GOAL OF THE EXERCISE - Retyping the records exactly, down to the last line, is the whole job.

--- INPUT DATA Enclosed Below ---

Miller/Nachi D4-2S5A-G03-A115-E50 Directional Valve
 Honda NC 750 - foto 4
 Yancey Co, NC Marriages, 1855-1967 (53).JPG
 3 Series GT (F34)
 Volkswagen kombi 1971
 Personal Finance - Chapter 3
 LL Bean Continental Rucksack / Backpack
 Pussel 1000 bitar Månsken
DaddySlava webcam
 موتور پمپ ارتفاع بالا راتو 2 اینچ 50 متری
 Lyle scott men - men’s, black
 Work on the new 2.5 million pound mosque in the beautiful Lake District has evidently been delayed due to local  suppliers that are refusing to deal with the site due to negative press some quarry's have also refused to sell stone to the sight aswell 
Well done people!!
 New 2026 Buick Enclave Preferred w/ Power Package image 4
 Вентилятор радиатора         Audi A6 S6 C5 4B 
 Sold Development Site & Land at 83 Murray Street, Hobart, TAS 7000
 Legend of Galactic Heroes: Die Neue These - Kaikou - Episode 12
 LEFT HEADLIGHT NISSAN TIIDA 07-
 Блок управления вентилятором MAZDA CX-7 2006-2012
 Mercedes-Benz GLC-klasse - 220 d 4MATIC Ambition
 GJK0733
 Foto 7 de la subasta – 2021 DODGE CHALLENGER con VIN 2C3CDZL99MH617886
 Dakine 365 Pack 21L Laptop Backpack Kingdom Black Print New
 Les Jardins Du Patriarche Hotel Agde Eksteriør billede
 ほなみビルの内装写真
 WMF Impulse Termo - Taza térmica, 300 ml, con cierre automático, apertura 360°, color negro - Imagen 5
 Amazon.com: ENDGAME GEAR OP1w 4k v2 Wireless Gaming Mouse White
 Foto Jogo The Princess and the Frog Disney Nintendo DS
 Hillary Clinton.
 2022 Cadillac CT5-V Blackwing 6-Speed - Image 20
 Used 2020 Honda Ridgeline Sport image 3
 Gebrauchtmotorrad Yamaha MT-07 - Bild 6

--- End of Enclosed INPUT DATA ---

WORKED SOLUTION -
Miller/Nachi D4-2S5A-G03-A115-E50 Directional Valve
 Honda NC 750 - foto 4
 Yancey Co, NC Marriages, 1855-1967 (53).JPG
 3 Series GT (F34)
 Volkswagen kombi 1971
 Personal Finance - Chapter 3
 LL Bean Continental Rucksack / Backpack
 Pussel 1000 bitar Månsken
DaddySlava webcam
 موتور پمپ ارتفاع بالا راتو 2 اینچ 50 متری
 Lyle scott men - men’s, black
 Work on the new 2.5 million pound mosque in the beautiful Lake District has evidently been delayed due to local  suppliers that are refusing to deal with the site due to negative press some quarry's have also refused to sell stone to the sight aswell 
Well done people!!
 New 2026 Buick Enclave Preferred w/ Power Package image 4
 Вентилятор радиатора         Audi A6 S6 C5 4B 
 Sold Development Site & Land at 83 Murray Street, Hobart, TAS 7000
 Legend of Galactic Heroes: Die Neue These - Kaikou - Episode 12
 LEFT HEADLIGHT NISSAN TIIDA 07-
 Блок управления вентилятором MAZDA CX-7 2006-2012
 Mercedes-Benz GLC-klasse - 220 d 4MATIC Ambition
 GJK0733
 Foto 7 de la subasta – 2021 DODGE CHALLENGER con VIN 2C3CDZL99MH617886
 Dakine 365 Pack 21L Laptop Backpack Kingdom Black Print New
 Les Jardins Du Patriarche Hotel Agde Eksteriør billede
 ほなみビルの内装写真
 WMF Impulse Termo - Taza térmica, 300 ml, con cierre automático, apertura 360°, color negro - Imagen 5
 Amazon.com: ENDGAME GEAR OP1w 4k v2 Wireless Gaming Mouse White
 Foto Jogo The Princess and the Frog Disney Nintendo DS
 Hillary Clinton.
 2022 Cadillac CT5-V Blackwing 6-Speed - Image 20
 Used 2020 Honda Ridgeline Sport image 3
 Gebrauchtmotorrad Yamaha MT-07 - Bild 6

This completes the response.